[Opening SOURCE MATERIAL section]

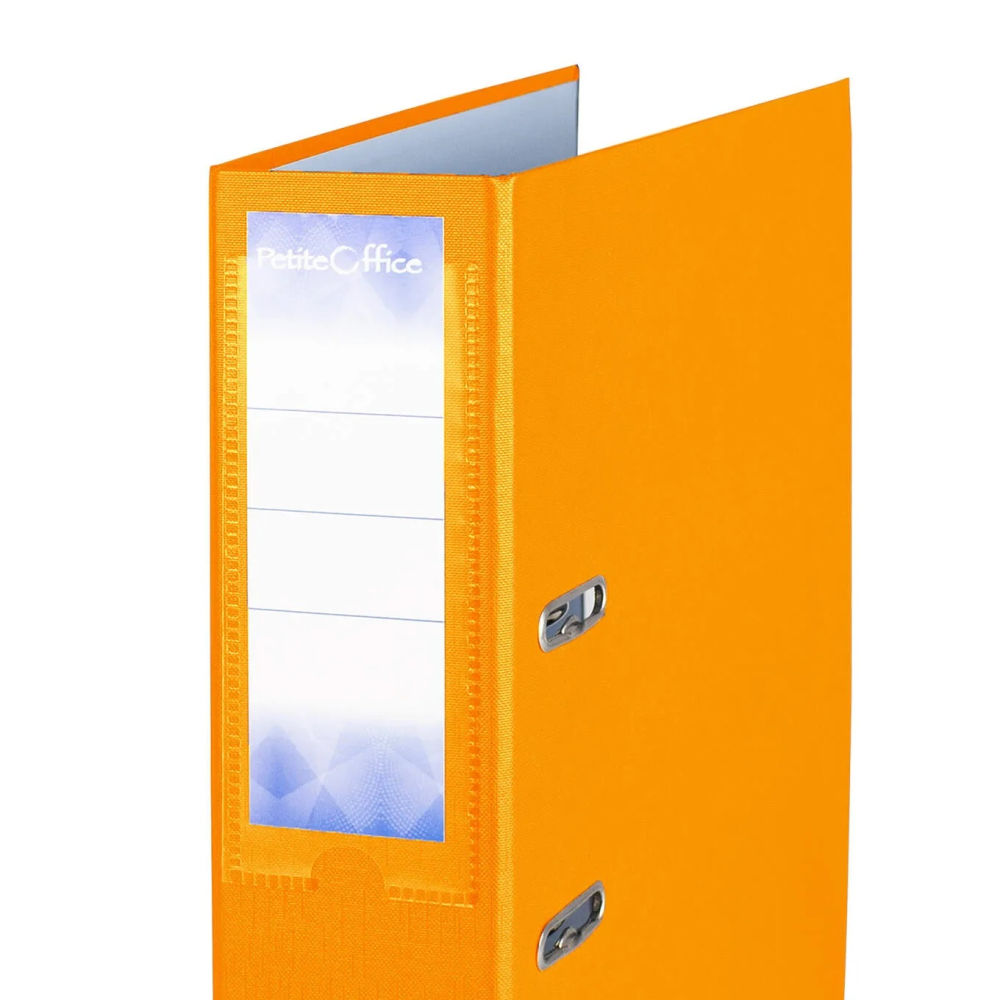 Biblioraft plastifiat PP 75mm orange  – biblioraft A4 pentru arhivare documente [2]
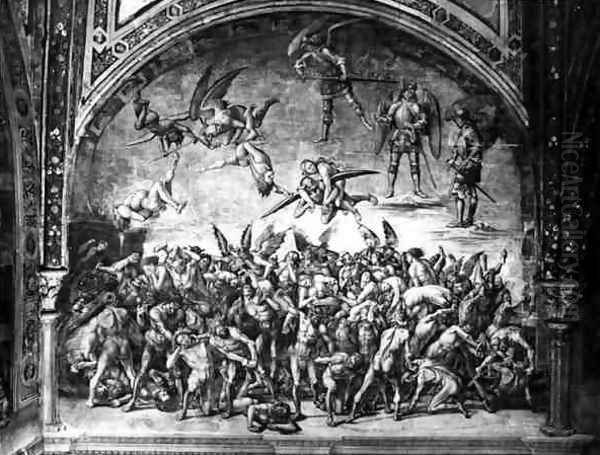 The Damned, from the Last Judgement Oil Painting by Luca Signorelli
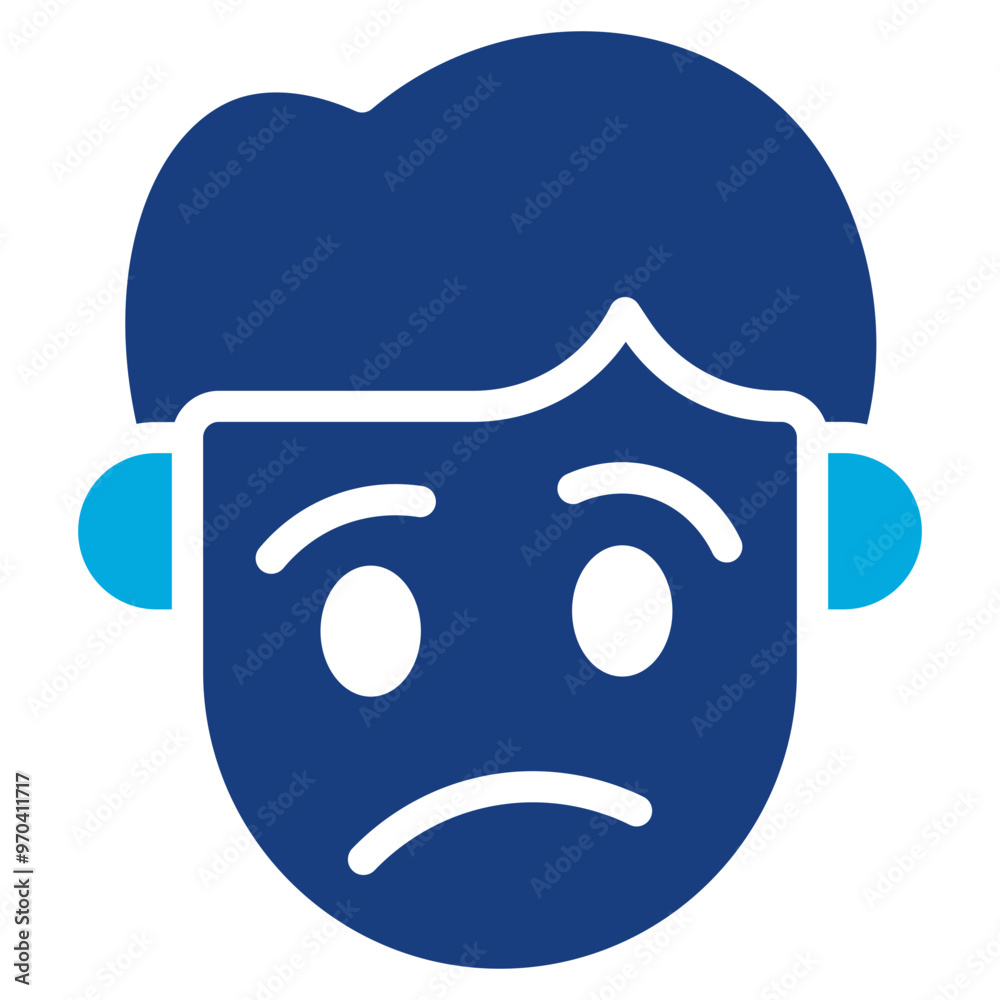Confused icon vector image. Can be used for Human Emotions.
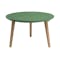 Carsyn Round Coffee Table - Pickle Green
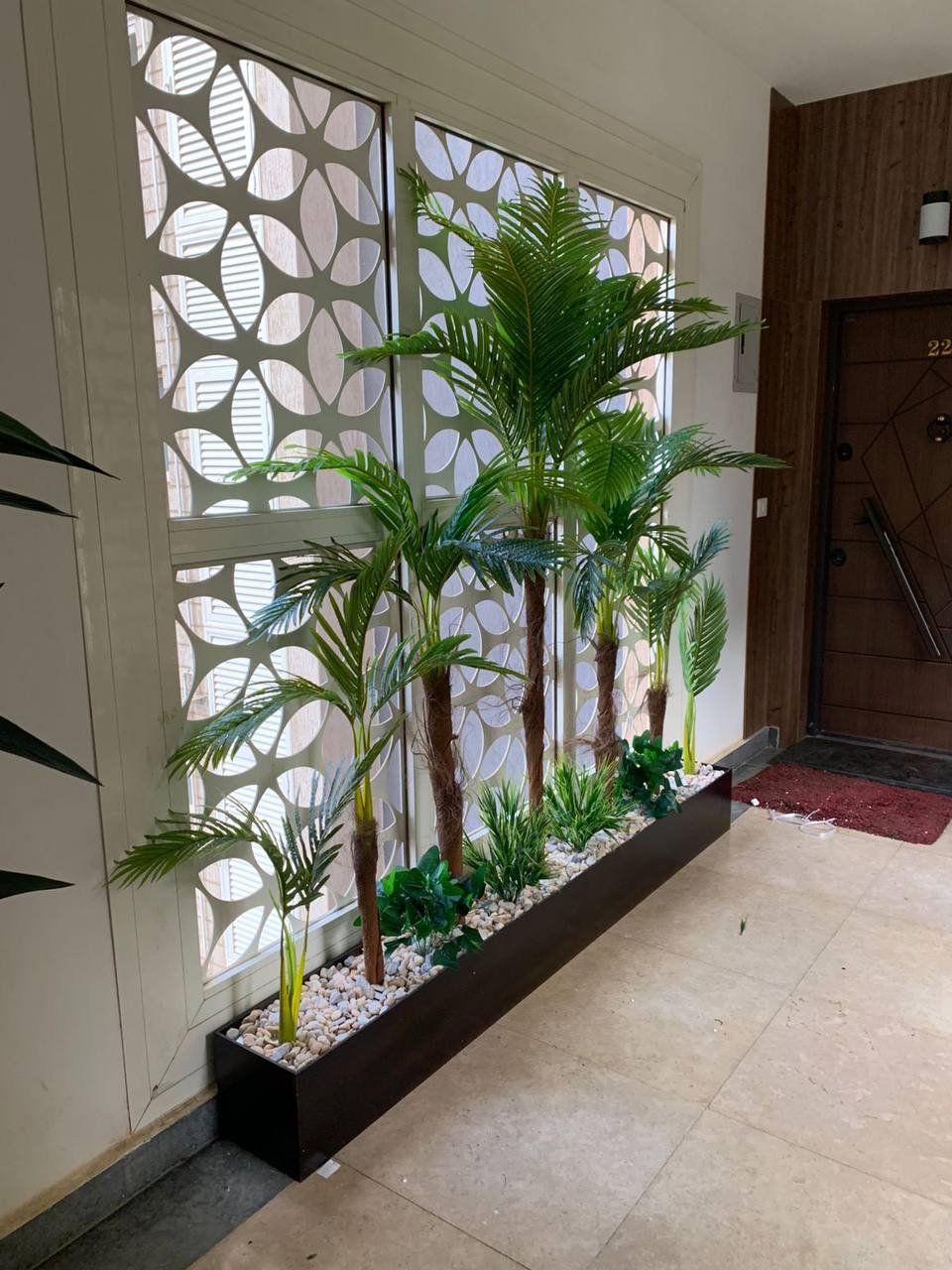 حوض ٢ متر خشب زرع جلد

[Closing SOURCE MATERIAL section]

Transcribe all lines above exactly, skipping pictures.

* **REPLY**:
 Biblioraft plastifiat PP 75mm orange  – biblioraft A4 pentru arhivare documente [2]
 The Damned, from the Last Judgement Oil Painting by Luca Signorelli
Confused icon vector image. Can be used for Human Emotions.
 Carsyn Round Coffee Table - Pickle Green
 حوض ٢ متر خشب زرع جلد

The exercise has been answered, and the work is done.